A la place des émissions carbone par kWh, des engagements fumeux

Pour combler cette lacune, un autre indicateur - le CUE (Carbon Usage Effectiveness) - est censé éclairer les entreprises sur les émissions d'équivalent carbone par kWh d'énergie alimentant les équipements IT. Il est mesuré en C02eq/kWh. La panacée pour tout DSI ? Sauf que, comme le relève Antoine Lagier, « alors que les titres de presses croulent sous l'injonction de réduire les émissions, cet indicateur est le grand absent de toutes les publications des 'Clouders', à l'exception notable d'OVH ». A la place de cet indicateur, se déploie de vastes opérations de Greenwashing, les acteurs du cloud multipliant les engagements divers (« carbon neutral », « 100% energy renewable », « carbon free energy 24/7 », « net zero carbon », « carbon negative »).
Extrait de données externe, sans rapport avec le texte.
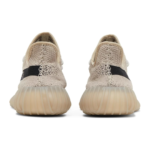 Yeezy Boost 350 V2 Slate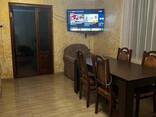 Продается 2 этажный дом в Цихисдзири с ремонтом - фото 1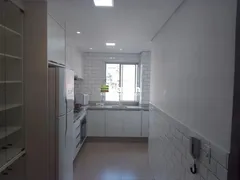 Apartamento com 2 Quartos à venda, 56m² no Jardim Elizabete, Taboão da Serra - Foto 3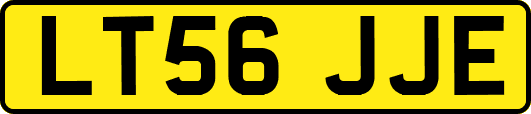 LT56JJE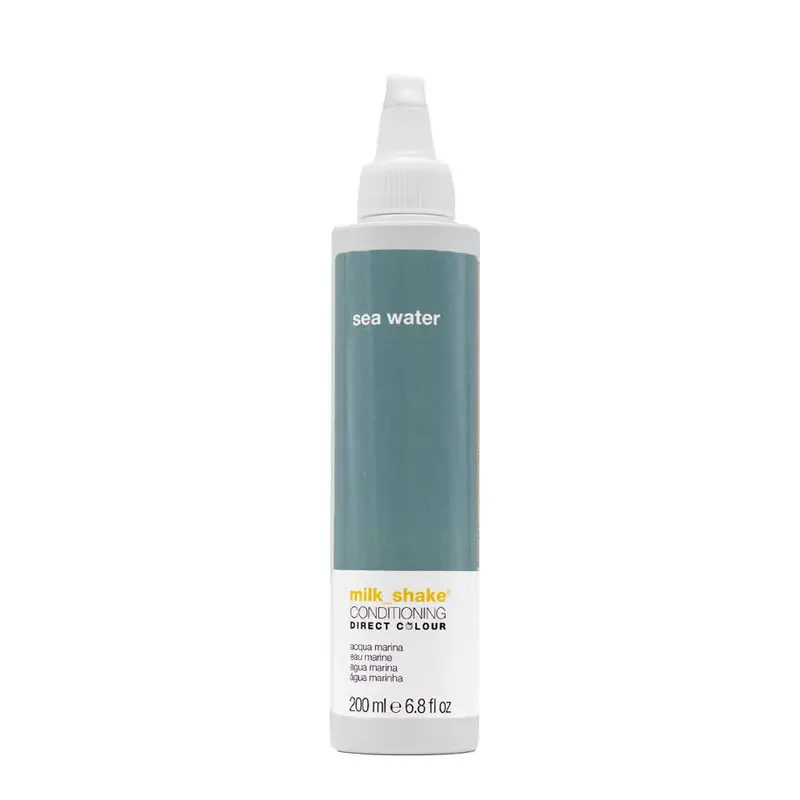 Milk Shake Direct Colour tinted balm for intense hydration 200 ml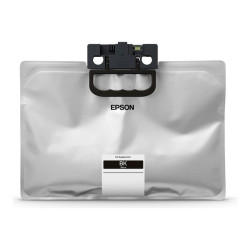 AEG ÖKO_SANTO RTB413E1AW - Frigorifero/congelatore - da tavolo - nicchia - larghezza: 60 cm - profondità 55 cm - altezza: 82 cm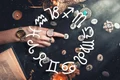 Ce bijuterii ti se potrivesc in functie de semnul zodiacal  Sursa foto shutterstock 1633092592 jpg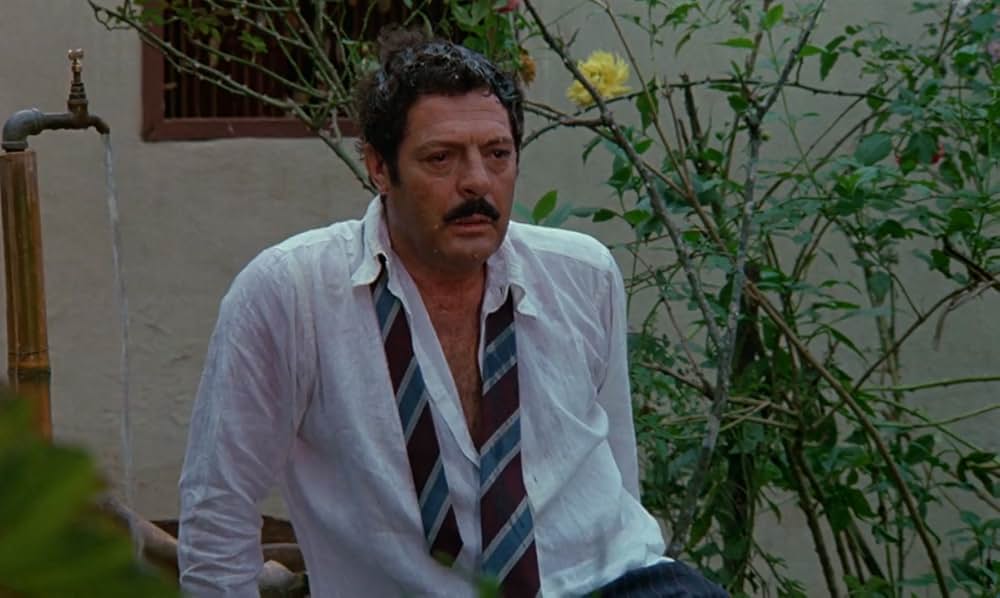 ガブリエラの画像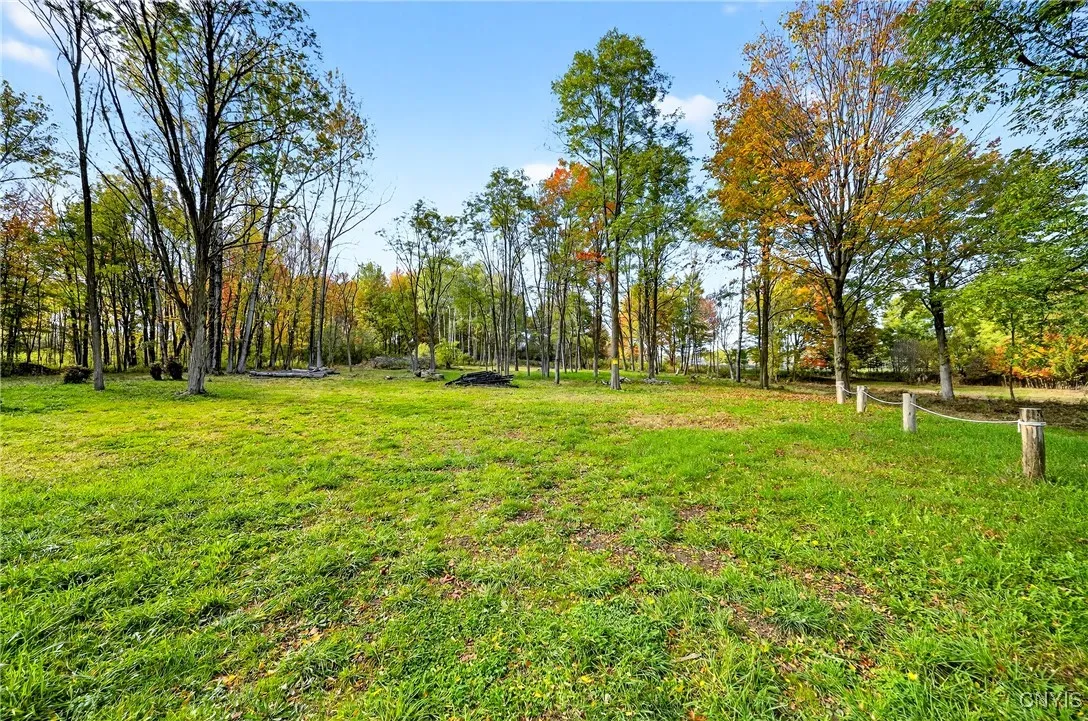 8439 State Route 3, Sandy Creek, New York 13142, Sandy Creek, New York 13142, ,Land,For Sale,8439 State Route 3, Sandy Creek, New York 13142,0,S1644954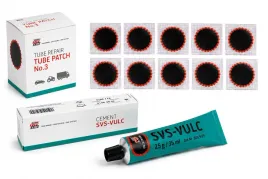 zestaw-latek-do-detek-nr-3-klej-svs-25g-35ml-rema-tiptop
« Difficile d'en mesurer le sérieux quand on sait à quel point la comptabilité carbone autorise des méthodes fort diverses et nombreuses (market-baset/location-based, GHG Protocol, BEGES...) avec une prise en compte des différents périmètres très variables (le fameux scope 3) », écrit le consultant. Qui rappelle que, selon l'Ademe, la notion même de neutralité carbone ne peut s'appliquer à une entreprise. Par ailleurs, comme l'avait souligné un rapport de deux ONG en mars dernier, pour tenir leurs engagements en matière de neutralité carbone, les géants du cloud ont largement recours à la compensation carbone, une approche dont l'efficacité réelle est largement remise en cause.
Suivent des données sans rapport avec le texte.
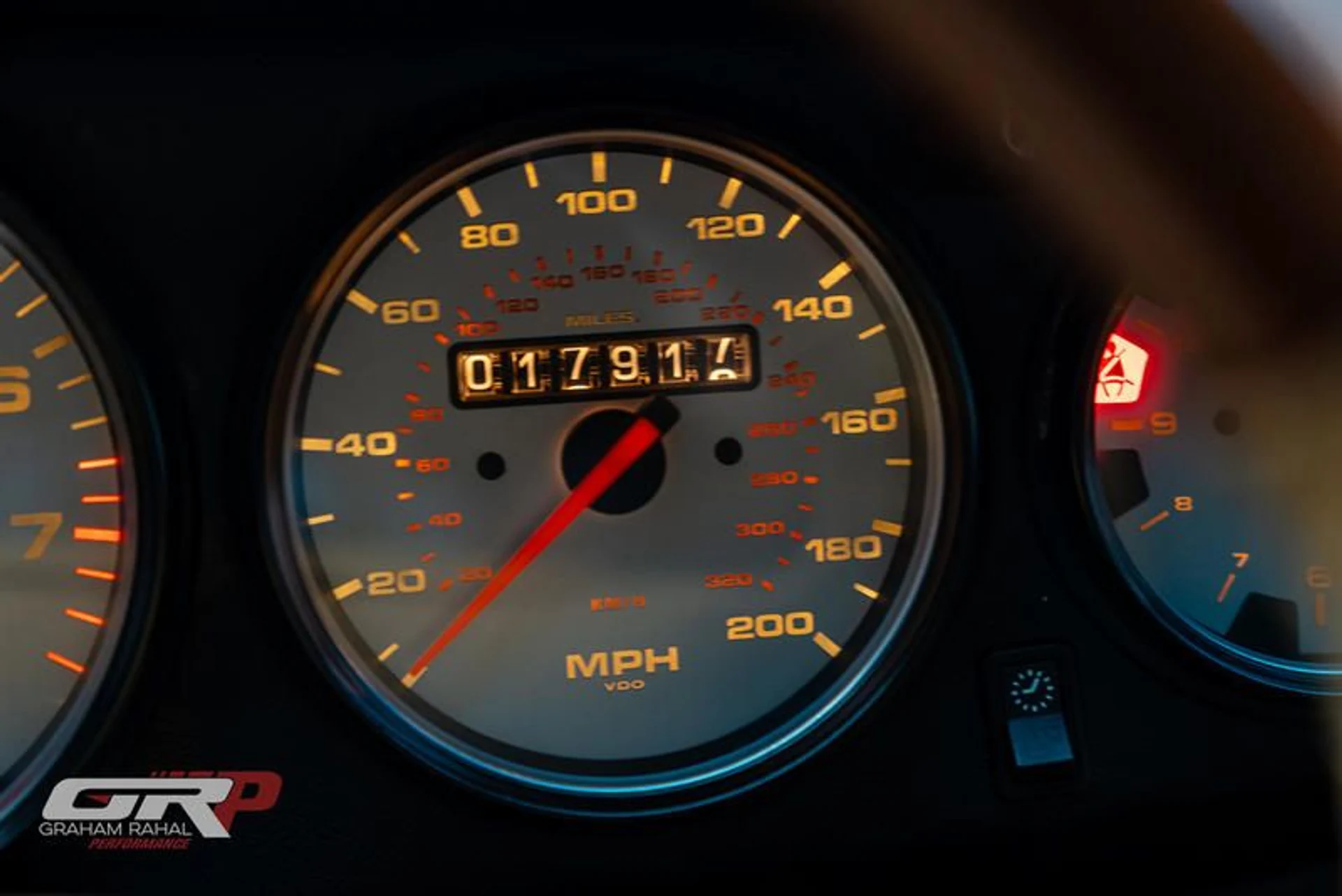 mph033_2246290886_403_DF_027_8_CD_4_4_F9_C_BE_7_C_BD_1556_E0_B42_A_1efd7d4121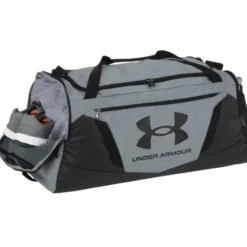 Under Armour Undeniable 5.0 Large Duffel - Full Color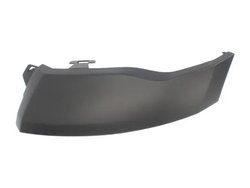 RAMA FAR BLIC 6502-07-0552211P - Compatibil cu CITROEN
Des moyennes déconnectées de l'opérationnel

Le troisième indicateur, le WUE (Water Usage Effectiveness), s'attache à mesurer la quantité d'eau utilisée par kWh utilisé. Le prélèvement de cette ressource a été largement discutée ces derniers mois et les trois grand hyperscalers nord-américains ont pris des engagements en la matière, consistant à restituer au moins autant d'eau qu'ils n'en prélèvent pour leurs opérations dès 2030. Antoine Lagier note que département de l'Energie des Etats-Unis fournit une moyenne d'1,8 litre d'eau consommé par kWh pour les datacenters du pays. Là encore, tous les acteurs du cloud font preuve d'une efficacité bien supérieure, Scaleway publiant par exemple une consommation maximale de 0,2 litre par kWh, tandis qu'Azure culmine à 0,49 (notons que, chez Google, aucun chiffre ne semble disponible à ce stade).

Enfin, l'analyse d'Antoine Lagier laisse apparaître, en creux, une autre limite des données publiées par les fournisseurs : ceux-ci communiquent souvent des moyennes, établies sur l'ensemble de leur parc de datacenters. Or, pour réellement évaluer l'impact de leurs choix technologiques, les DSI ont besoin de chiffres bien plus granulaires et relatifs à leurs déploiements réels.